Does my relationship (or lack of relationship) with food overlap or even contribute to my feelings of isolation?  How is it that I can be connected to so many people and foods with rich histories and yet feel so disconnected?  How do I become connected to a place?  As written by Al Purdy and Lyn Baldwin, “Say the names”.  This struck a chord in me and continues to vibrate.


What does this name mean when I say it?  The word for this plant, while changed through history, has been a part of the cultural identity of countless generations of human beings.  Today it is thought to be a part of the family Lamiaceae and is known among the science community as Salvia hispanica L.  It refers to a small annual flowering herb, which looks not dissimilar to mint to the casual observer.  It grows to a height of 1.5m-2m and is capable of self-pollinating.  Chia flowers in late spring, the blossoms dry as the season progresses, and pinhead-sized seeds eventually emerge and are dispersed by the shaking of the plant.  But how does this biological information apply to the modern consumer?  Unfortunately, it doesn’t.
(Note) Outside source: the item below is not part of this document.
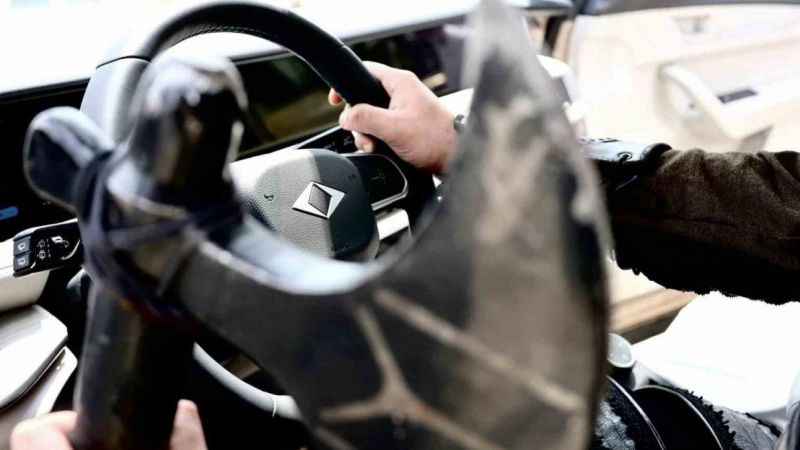 Türklerin ilk aracıyla son aracı yan yana Türklerin ilk aracıyla son aracı yan yana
As my father explained to me on that first day that I watched him scooping Chia seeds at the kitchen counter, these seeds have a vast history.  Our known use of them extends back thousands of years to Aztec and Mayan peoples.  The seed was a staple food crop, its importance often looked at on the same level as Maize.  It was carried by runners as an energy source, used as currency for a time, and out rightly banned during the early European colonization of the Americas.  This plant subsequently saw a decline along with the Mesoamerican civilizations, its identity intertwined with people.  In recent years it gained global recognition in a new form, on television advertisements across the country. It became Chia Pets.  Late night televisions rang out with the cries of “Ch-Ch-Ch-Chia!”  And this brings us to today, with Chia’s modern identity as a superfood.

So if Chia is any indication, all of our food plants have rich histories.  And history is important.  Where we come from leads us to understand where we are now.  It grounds us and gives us a sense of place.  Rediscovering the roots of the plants I eat helps me to find my own lost roots.


Works Consulted

Amanda Karst, L. J. (2009). Edible & Medicinal Plants of Canada. Edmonton, AB, Canada: Lone Pine Publishing.

Cahill, J. P. (2003, Winter). Ethnobotany of Chia, Salvia hispanica L. (Lamiaceae). Economic Botany , 57 (4), pp. 604-618.

Smith, A., & MacKinnon, J. B. (2007). The 100 Mile Diet. Toronto, Canada: Random House Canada.